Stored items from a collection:
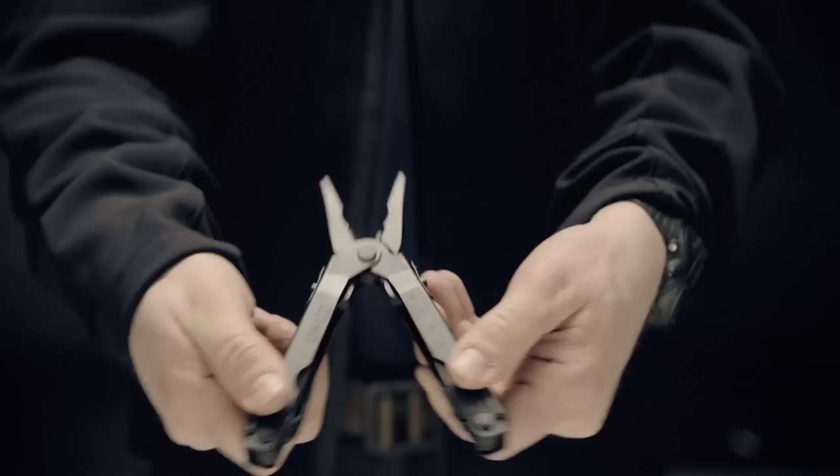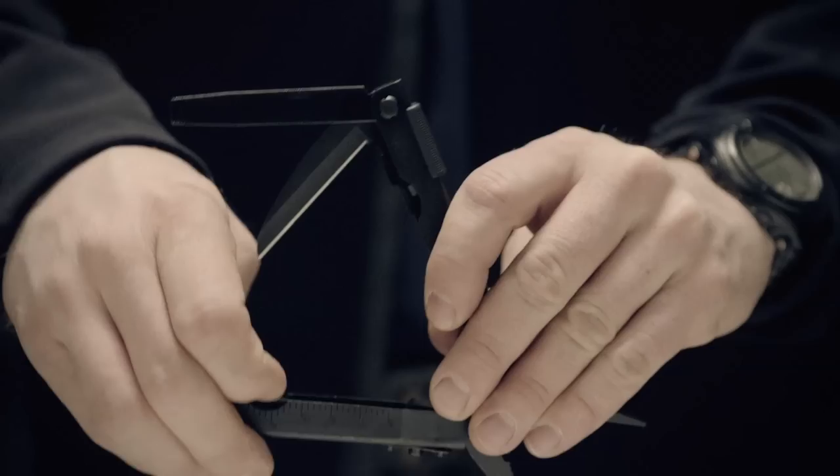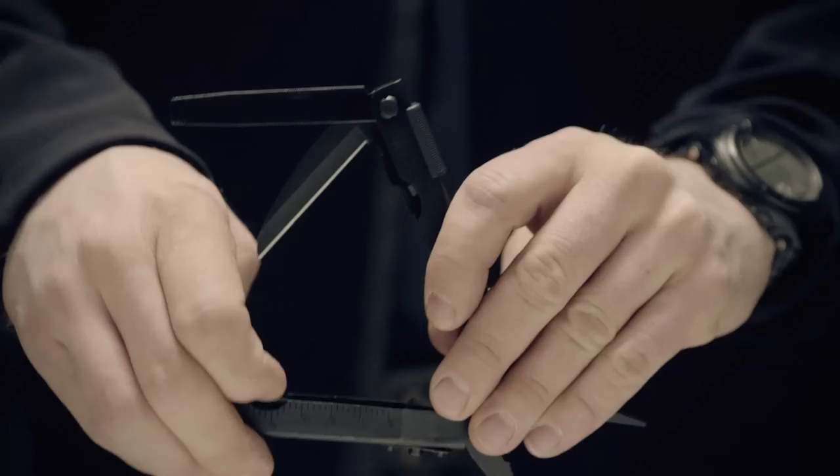It has a wire cutter and crimper as well as built-in rulers that run along the handles. Flip open the handles to access the serrated blade, fine edge blade, Phillips driver, three separate sizes of flat heads, full-size file, lanyard ring, and cannon bottle opener.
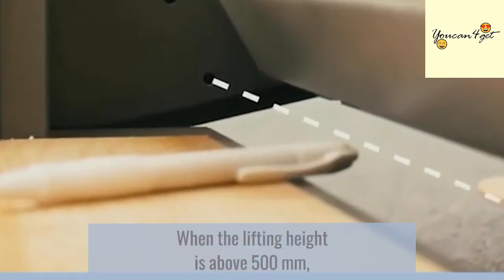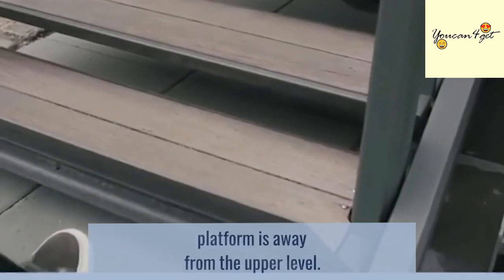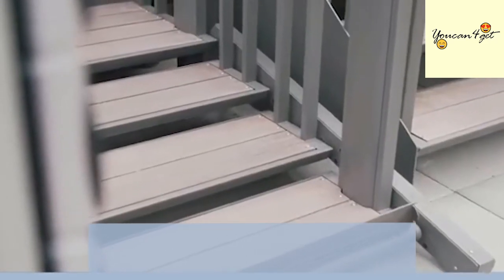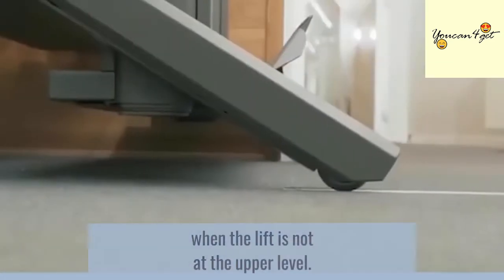When the lifting height is above 500 mm, the barrier is used at the top landing. This prevents users from falling down when the platform is away from the upper level. The vertical safety barrier will always be closed when the lift is not at the upper level.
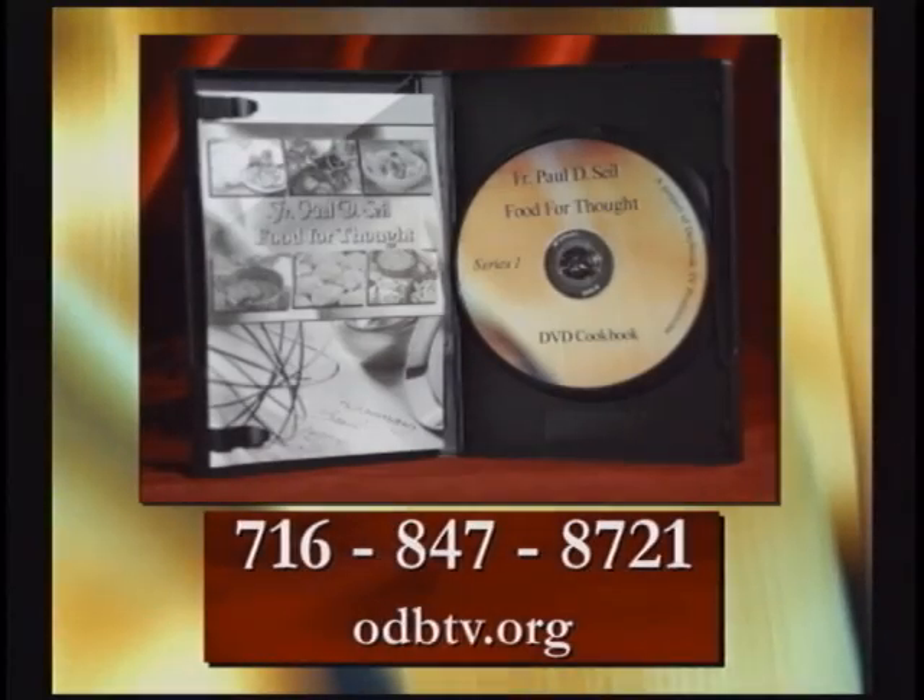Quick recipes from Father Paul Siles, Food for Thought, available on DVD. Includes cookbook. Call or check our website to order.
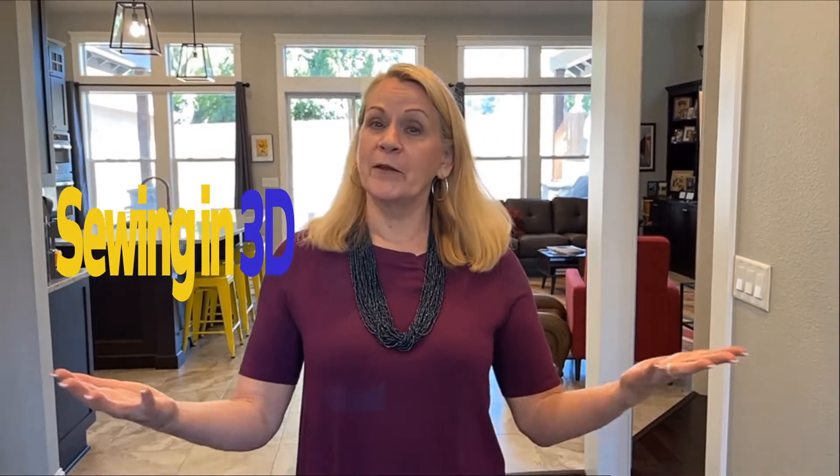Hi, it's Liz from Sew for Home, and I am ready to take you into another dimension. But don't be afraid, it's not the twilight zone — we're simply sewing in 3D with our latest project for the SIY Sew It Yourself series.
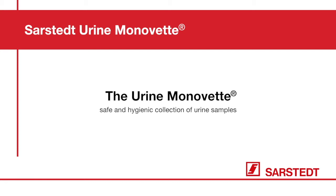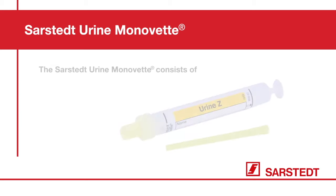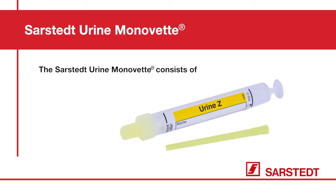The Sarstedt Urine Monovette — safe and hygienic collection of urine samples. The Sarstedt Urine Monovette consists of one urine Monovette collection tube, one plastic straw, and one stopper.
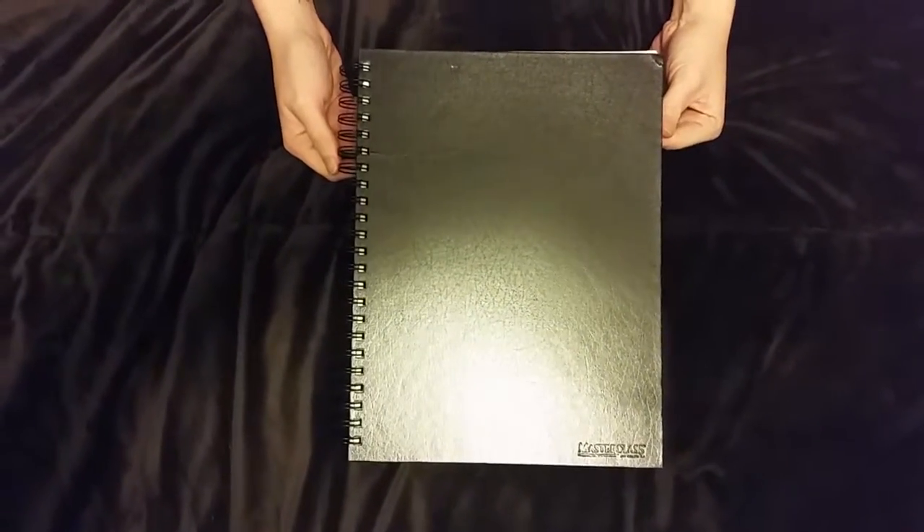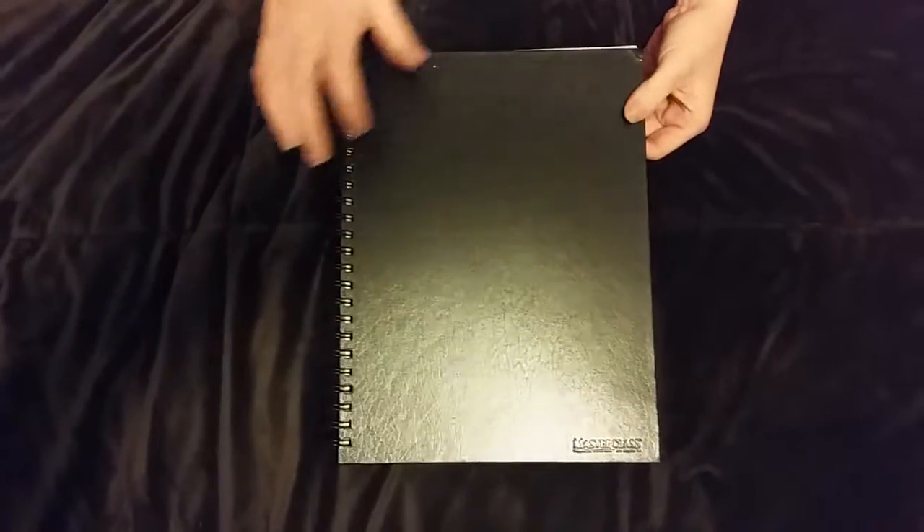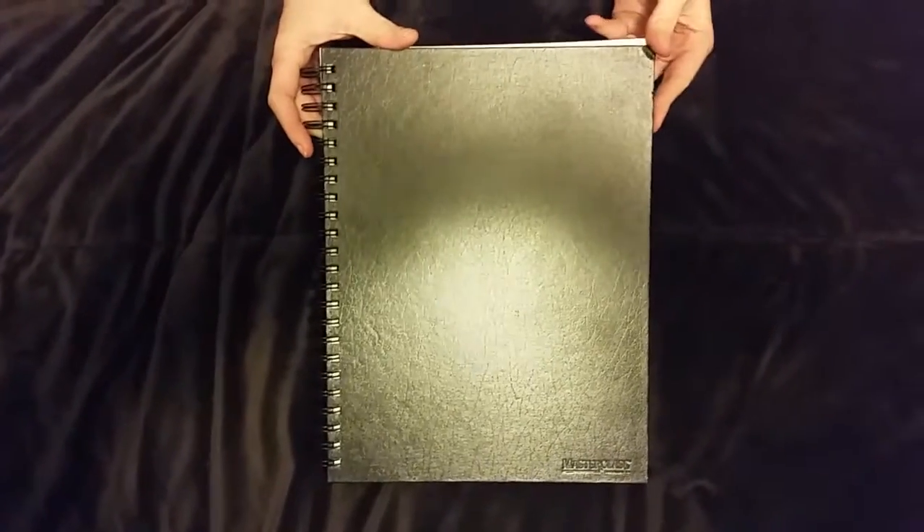Hey everybody, this is Mama Jess from MamaJessBargainBin.com and today I am showing you the 100 page sketchbook by MasterClass. I did receive this product in exchange for my honest and unbiased opinion.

Task objective:
Go through the entries and retype them exactly, except for the images.

Written reply:
It has a wire cutter and crimper as well as built-in rulers that run along the handles. Flip open the handles to access the serrated blade, fine edge blade, Phillips driver, three separate sizes of flat heads, full-size file, lanyard ring, and cannon bottle opener.
When the lifting height is above 500 mm, the barrier is used at the top landing. This prevents users from falling down when the platform is away from the upper level. The vertical safety barrier will always be closed when the lift is not at the upper level.
Quick recipes from Father Paul Siles, Food for Thought, available on DVD. Includes cookbook. Call or check our website to order.
Hi, it's Liz from Sew for Home, and I am ready to take you into another dimension. But don't be afraid, it's not the twilight zone — we're simply sewing in 3D with our latest project for the SIY Sew It Yourself series.
The Sarstedt Urine Monovette — safe and hygienic collection of urine samples. The Sarstedt Urine Monovette consists of one urine Monovette collection tube, one plastic straw, and one stopper.
Hey everybody, this is Mama Jess from MamaJessBargainBin.com and today I am showing you the 100 page sketchbook by MasterClass. I did receive this product in exchange for my honest and unbiased opinion.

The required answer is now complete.